Espri bittiğine göre gerçeklere geçelim mi?
Tımar kelimesi, Farsça “tīmār” (bakım, gözetim) kelimesinden geliyor. “Ev” anlamındaki “hane” kelimesi ile de “tīmār” birleştirilerek “tımarhane” kelimesi ortaya çıkıyor ve bu kelime “insanlara bakım yapılan, insanların gözetildiği yer” anlamında kullanılıyor.
Görmüş olduğunuz gibi anlamı aslında oldukça basit. Basit olan bir diğer şey ise bu bilgiye ulaşmak. Biraz etimoloji kaynakları biraz TDK derken, bilginin doğrusu cebimizde.

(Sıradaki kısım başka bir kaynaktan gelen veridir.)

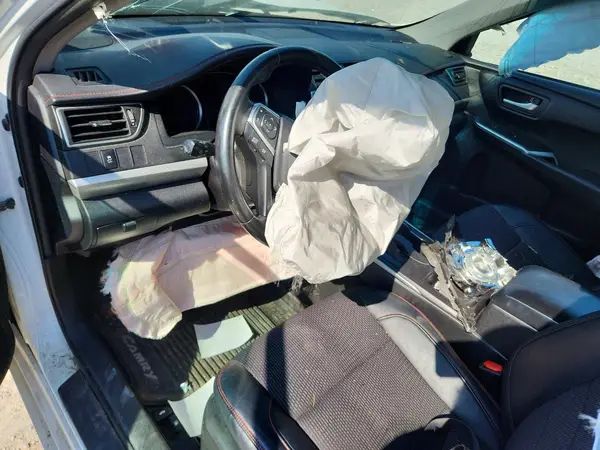 4T1BF1FK1GU202902 2016 TOYOTA CAMRY - Image 8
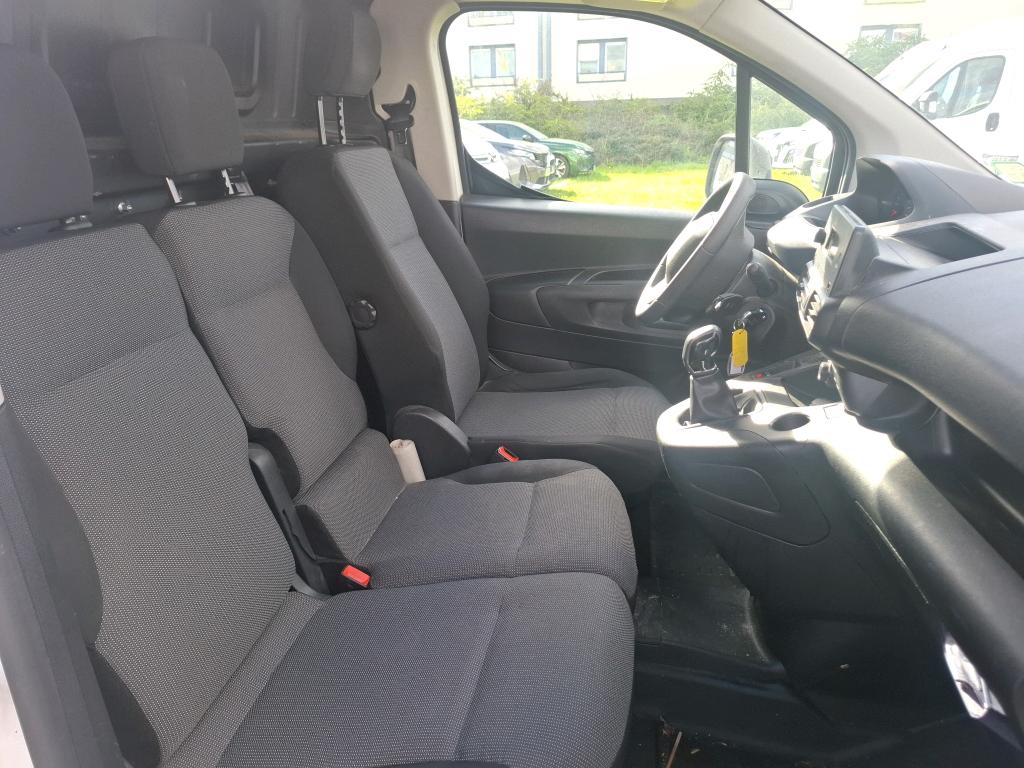 Peugeot PARTNER FOURGON STANDARD 650 KG BLUEHDI 75 BVM5 PREMIUM 2020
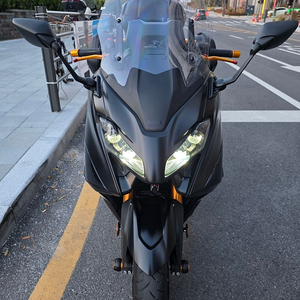 2024년10월식 야마하 티맥스560 팝니다 이미지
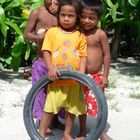 fröhliche Kinder im Norden des Atolls auf Tarawa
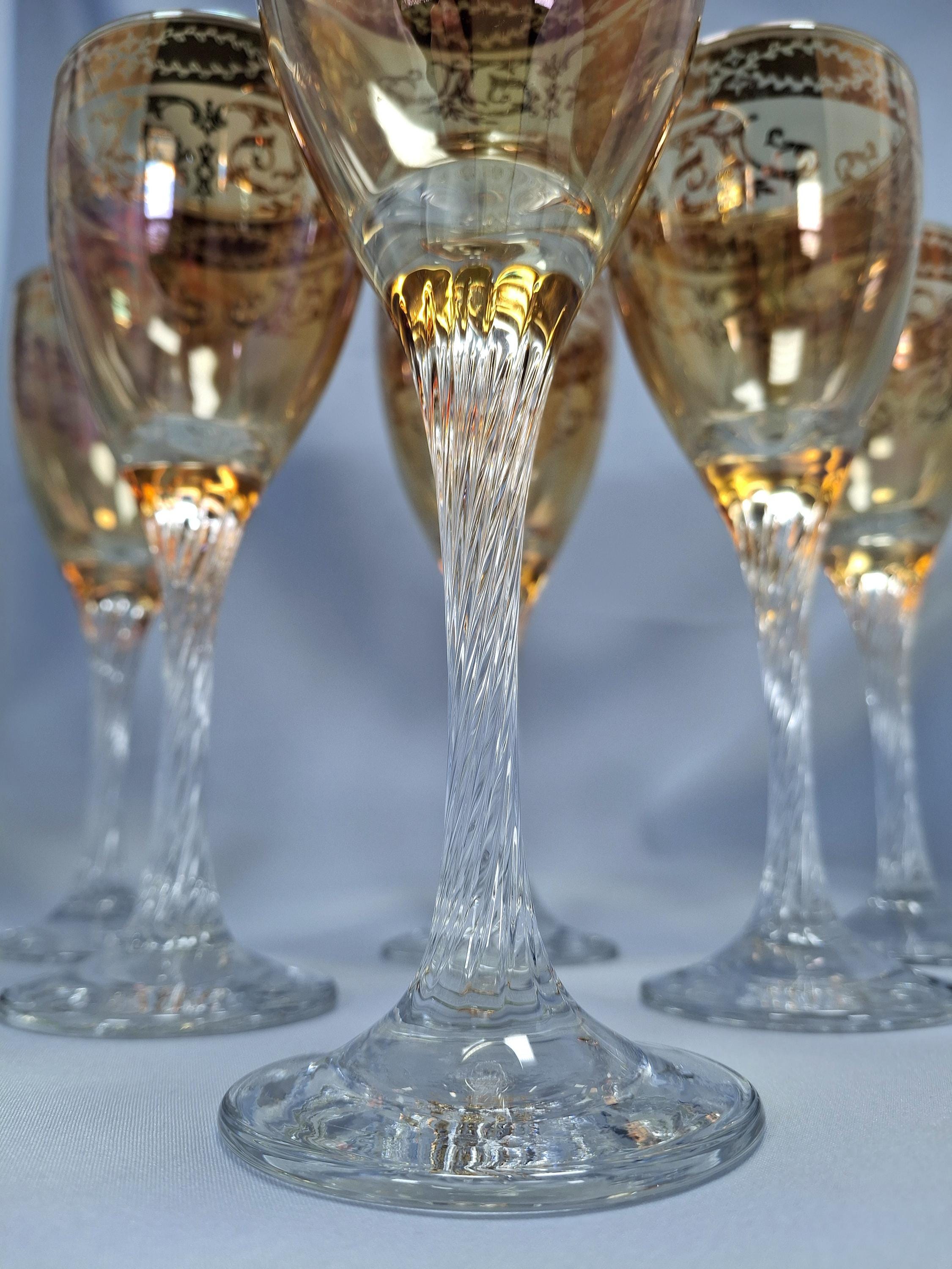 Set of 6 Umber Wine Glasses, Gold Trim, Twisted Stem Barware, Elegant Vintage Barware — image 6
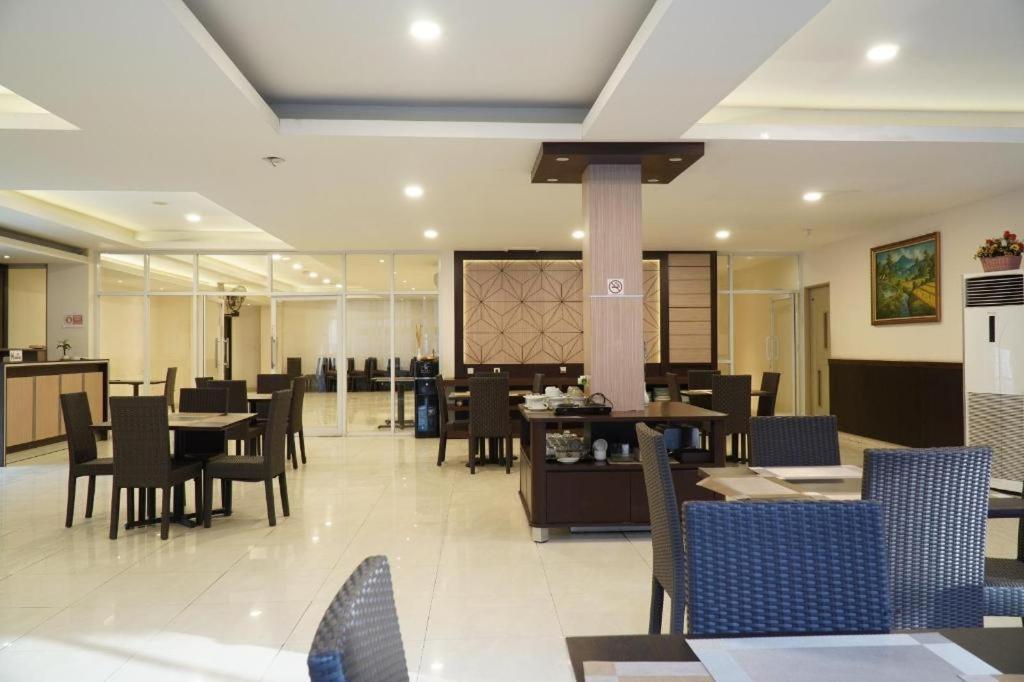 Paris Day Hotel Pamanukan Hilir Dış mekan fotoğraf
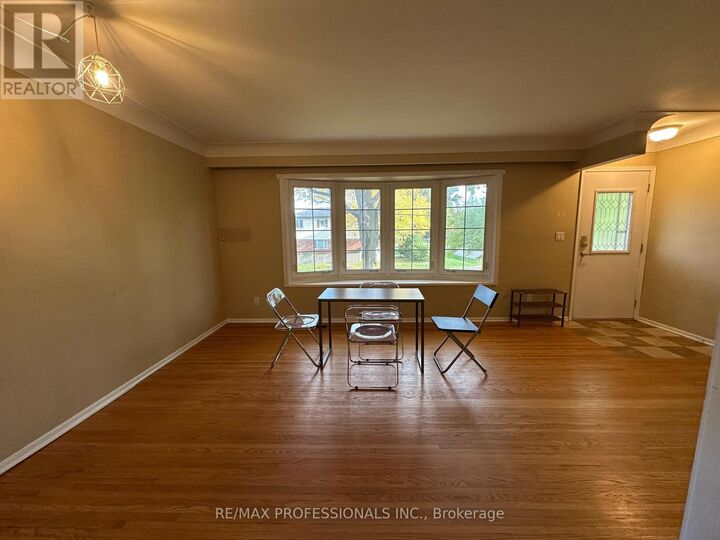 Property Photo:  183 Grove Park Drive  ON L7T 2H1 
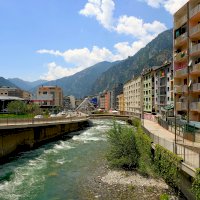 Řeka Valira, protékající hlavní město Andorra la Vella – Sergey Vovk / Shutterstock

Bu bilgiye inananlar için üzülürken inanmayanları da ayakta alkışlıyoruz:
Ara ara karşımıza çıkan “zıvanadan çıkmak” ve “polis” ikilisinin de birbiriyle alakası yok.
1960’lı yıllarda polislerin, demirden bir silindirin içerisinde durması ve sinirlendiği zaman “Beni zıvanadan çıkarma!” demesinden esinlenilmiş bir diğer uydurma bilgi daha var. Bu da iddiaları yansıtmıyor.
Zaten söylemin geçmişine bakıldığında 1960’lardan daha eski olduğu da görülüyor. Zıvana kelimesinin anlamları ise “iki ucu açık küçük boru”, “bir kilit dilinin yerleşmesi için açılmış delik” ve “pipo veya sigara ağızlığının sap bölümü” şeklinde. Yani, zıvana kelimesi uzun zamandan beri hayatımızda, 1960’lardan önce de.
İki parçanın birbirinden ayrılması durumu da yapanın asabiyeti ile ilişkilendirilerek “zıvanadan çıkmak” olarak Türkçemizde yer etmiş.
Polislere argoda “aynasız” denilmesinin arkasında Renault arabalar yok.
Bu asılsız bilgi de uzun zamandır bilinen bir diğer yanlış. “Aynasız” kelimesinin tarihi 1920’lere dayanırken sözü edilen Renault 12, Türkiye’ye 1970’li yıllarda geliyor.
Daha da detaylı bakacak olursak 1920’lerde aynasız kelimesi “çirkin, zararlı, fena ve hoş olmayan” şeklinde kullanılıyor. Polislere aynasız denmesinin tarihi ise 1930’lar.
Gerçekten, polislere neden “aynasız” denildiği tam olarak bilinmese de bu kelimenin “aynasız” kelimesinin gerçek anlamından yola çıkan ve kolluk kuvvetlerinden hazmetmeyen kişiler tarafından konulduğu en mantıklı açıklama oluyor.
İnternetin bilgi çöplüğü olduğunu düşündüğümüzde aslında onun ne kadar büyük bir veri kaynağı olduğunu da unutmayın ve mantıksız duran söylentilere inanmak yerine ufak bir araştırma yapın. Böylelikle sosyal medya hesabı açan herkes, atıp tutarak milyonlarca izlenmez.